Step 5: OpenClaw reads the file and returns the result

OpenClaw receives this new instruction. The script runs, physically reads the file charlotte_recipe.txt from the disk, and gets the text: "Apples - 1 kg, flour - 200g, sugar - 1 cup".

Now OpenClaw forms a new request to the LLM, passing it the entire accumulated history of this chain:

{
	"messages": [
		{
			"role": "user",
			"content": "How much sugar is needed for the charlotte recipe?"
		},
		{
			"role": "assistant",
			"content": null,
			"tool_calls": [
				{
					"id": "call_search_6c3bc42b",
					"type": "function",
					"function": {
						"name": "search_files",
						"arguments": "{"query":"charlotte"}"
					}
				}
			]
		},
		{
			"role": "tool",
			"tool_call_id": "call_search_6c3bc42b",
			"content": "[{"path":"/old_archives/grandmas_charlotte.txt"}, {"path":"/documents/charlotte_recipe.txt"}]"
		},
		{
			"role": "assistant",
			"content": null,
			"tool_calls": [
				{
					"id": "call_read_d88b07ff",
					"type": "function",
					"function": {
						"name": "read_file",
						"arguments": "{"path":"/documents/charlotte_recipe.txt"}"
					}
				}
			]
		},
		{
			"role": "tool",
			"tool_call_id": "call_read_d88b07ff",
			"content": "Apples - 1 kg, flour - 200g, sugar - 1 cup"
		}
	],
	"tools": [
		{
			"type": "function",
			"function": {
				"name": "search_files",
				"description": "Searches for files by name or pattern",
				"parameters": { "type": "object", "properties": { "query": { "type": "string" } }, "required": ["query"] }
			}
		},
		{
			"type": "function",
			"function": {
				"name": "read_file",
				"description": "Reads file contents",
				"parameters": { "type": "object", "properties": { "path": { "type": "string" } }, "required": ["path"] }
			}
		},
		"..."
	]
}

This request flies back to the LLM model (e.g., OpenAI).

Important nuance: memory and context window

Notice how the messages list is growing? Classic LLMs (at least the vast majority of models prior to 2025-2026) inherently operate “without memory” (they are stateless).
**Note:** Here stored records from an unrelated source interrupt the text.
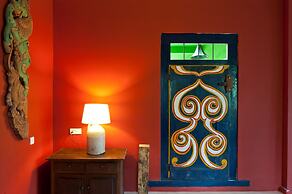 The Kandy Samadhi Centre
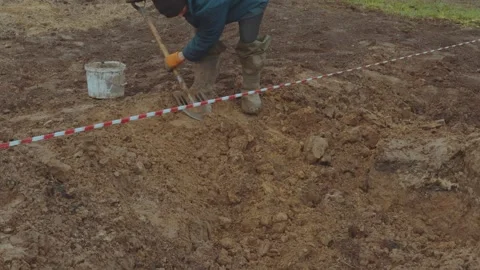 A man digs the earth, dig the soil, dig the earth Vídeo Stock 333843469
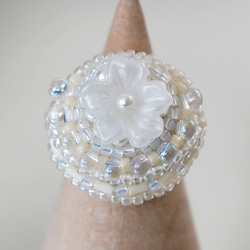 Chatty 戒指 108 均碼珠繡戒指花朵白色超大戒指 第2張的照片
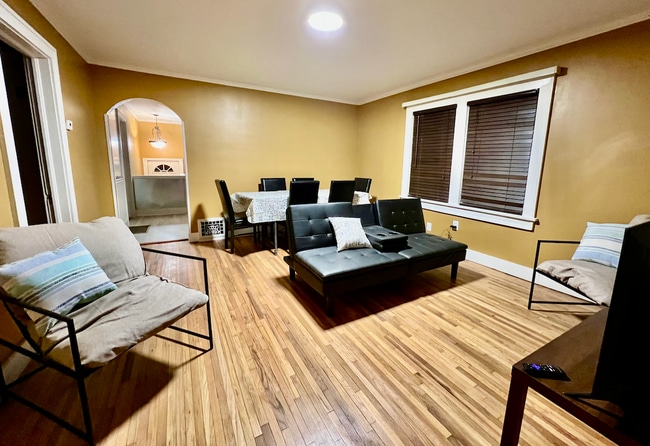 Photo - 610 N Plum St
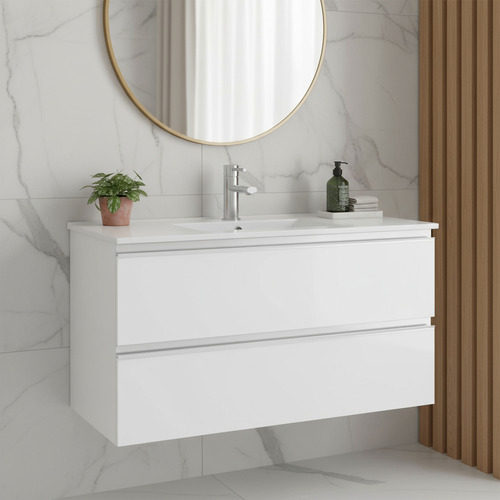 690464-MLU92143727109_092025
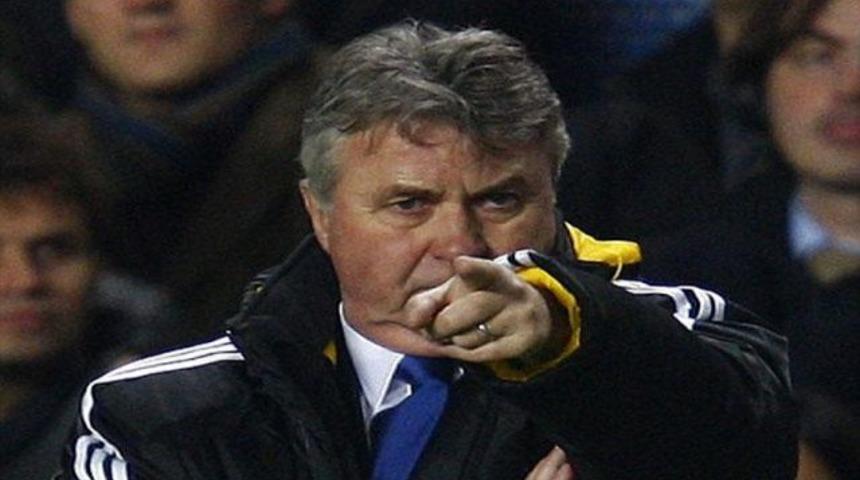 Hiddink'ten devrim geliyor!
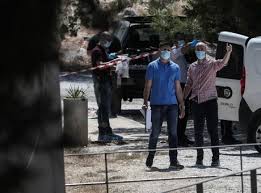 Συγκεκριμένα, άγνωστοι οι οποίοι επέβαιναν σε αυτοκίνητο τον πυροβόλησαν και. 4lmg 1yujbk0vm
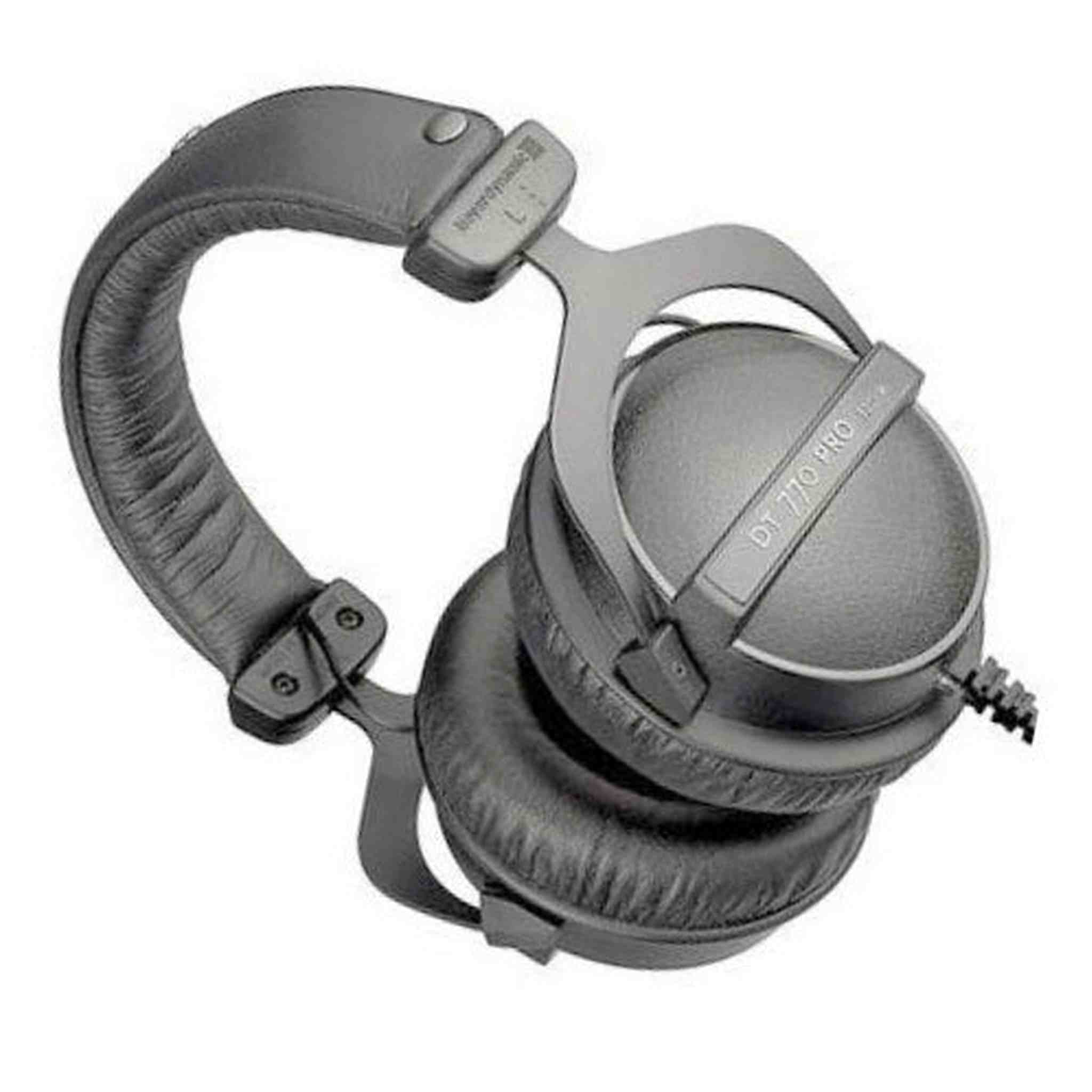 Beyerdynamic DT 770 PRO 32 Ohm Over-Ear Studio Headphones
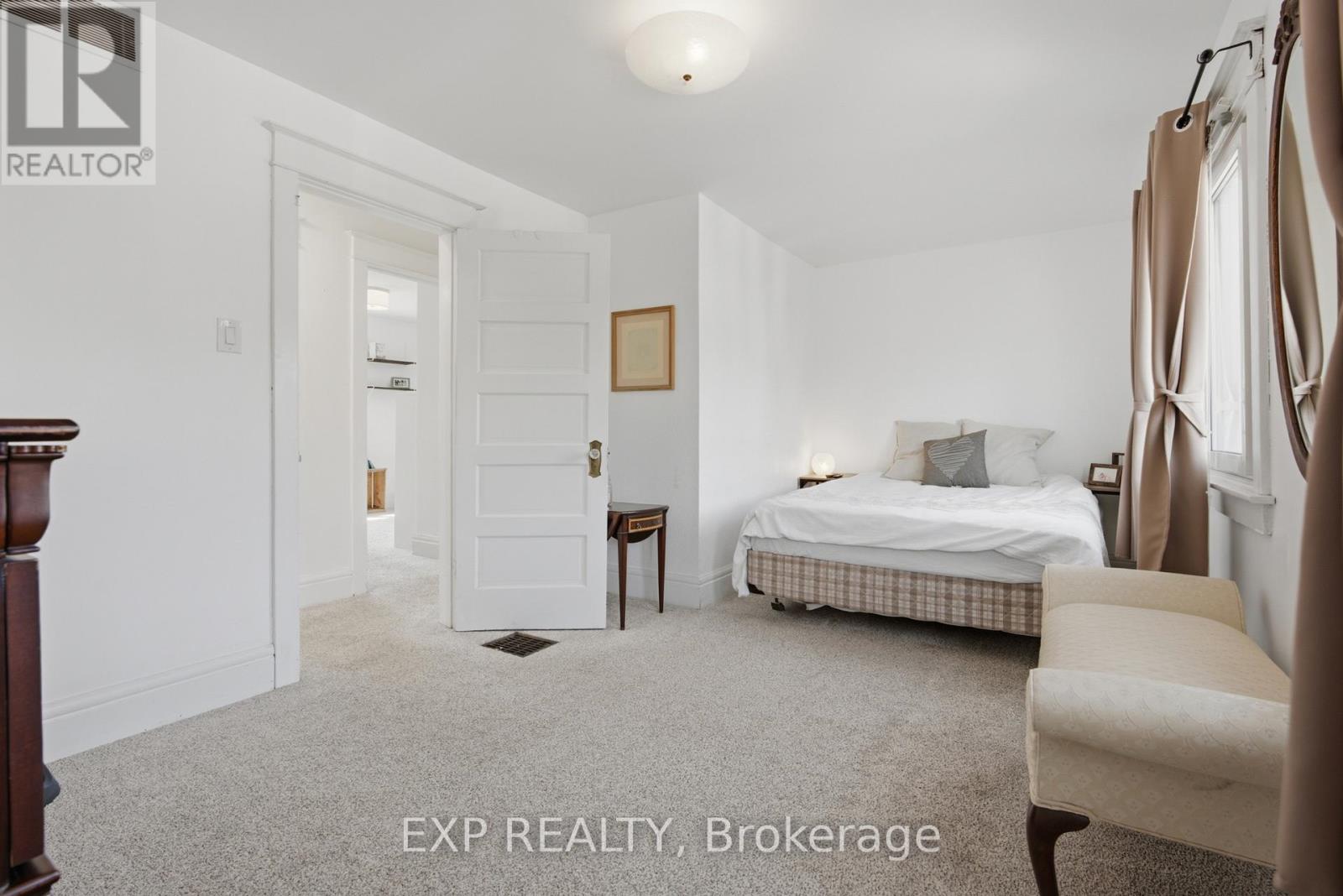 26 LOWELL AVENUE - Image 30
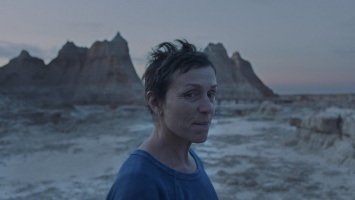 «Земля кочевников» Хлои Чжао признана лучшим фильмом по версии Национального общества кинокритиков США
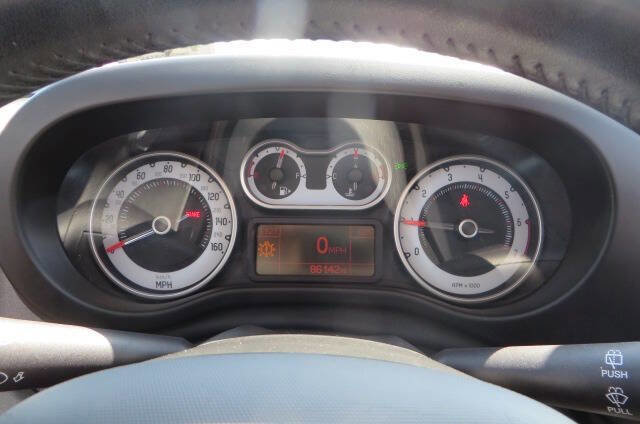 Used 2014 FIAT 500L Trekking w/ Popular Equipment Group FWD image 17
Therefore, OpenClaw (and any other agent) attaches all past messages (user requests, tool calls, and their results) with each new interaction.

These messages will accumulate and be passed again and again as long as they fit into the context window (the memory limit of a specific model, e.g., 128 thousand tokens). As soon as the dialogue history grows too large and stops fitting into this limit, the agent begins trimming the oldest messages from the beginning of the history (which is why the model starts to “forget”), to free up space for new steps and stay within the model’s context window limits.
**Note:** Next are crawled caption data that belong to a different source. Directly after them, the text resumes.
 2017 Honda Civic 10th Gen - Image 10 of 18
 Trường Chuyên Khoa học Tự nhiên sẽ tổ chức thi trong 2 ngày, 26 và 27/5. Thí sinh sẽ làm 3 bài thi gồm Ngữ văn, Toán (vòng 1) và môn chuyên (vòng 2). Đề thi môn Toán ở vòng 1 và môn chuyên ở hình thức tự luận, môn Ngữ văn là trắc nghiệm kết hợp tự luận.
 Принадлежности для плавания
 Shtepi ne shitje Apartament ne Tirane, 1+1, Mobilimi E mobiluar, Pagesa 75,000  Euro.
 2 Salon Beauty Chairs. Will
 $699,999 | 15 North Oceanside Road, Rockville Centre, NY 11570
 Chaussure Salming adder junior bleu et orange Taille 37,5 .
P.S. The AI industry is evolving rapidly. Now there are models emerging with built-in memory (stateful APIs) and agent models that know how to store dialogue context on their side, or even have their own tools “under the hood”. Nevertheless, the ‘stateless communication’ mechanism described above (where the client itself passes the entire history and tool schemas in JSON) is the foundation upon which 99% of current AI applications are built.

Step 6: Final response

The LLM (e.g., OpenAI) looks at the updated history. It sees:

The user asked about the amount of sugar in the charlotte recipe.
I asked to call the search function.
I was returned a list of two files.
I asked to call the read function for the second file.
The function read the file and returned the recipe text.
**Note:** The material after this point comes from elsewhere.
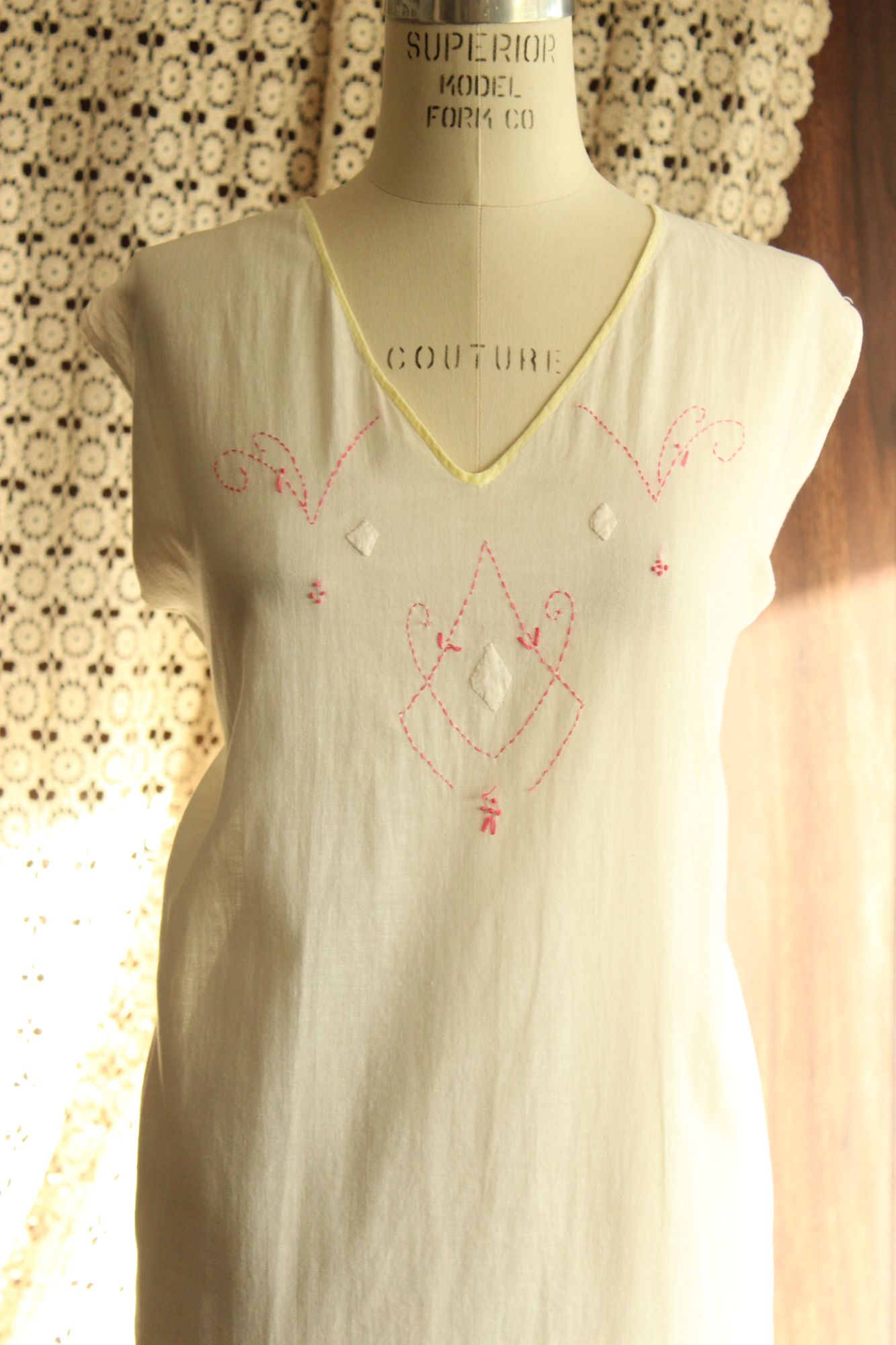 Antique 1910s 1920s White Cotton Embroidered Nightgown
The model analyzes this text and generates the final human response: “To prepare the charlotte, you will need 1 cup of sugar”.

Here is what this final JSON from the model looks like technically:

{
	"role": "assistant",
	"content": "To prepare the charlotte, you will need 1 cup of sugar"
}

This JSON is returned to OpenClaw, and OpenClaw extracts the text from the content field and displays it to the user in the interface.

OpenClaw, GitHub Copilot, and others all work exactly the same way: they provide the LLM with a list of tools, ask it to make a decision, and then perform the execution locally themselves.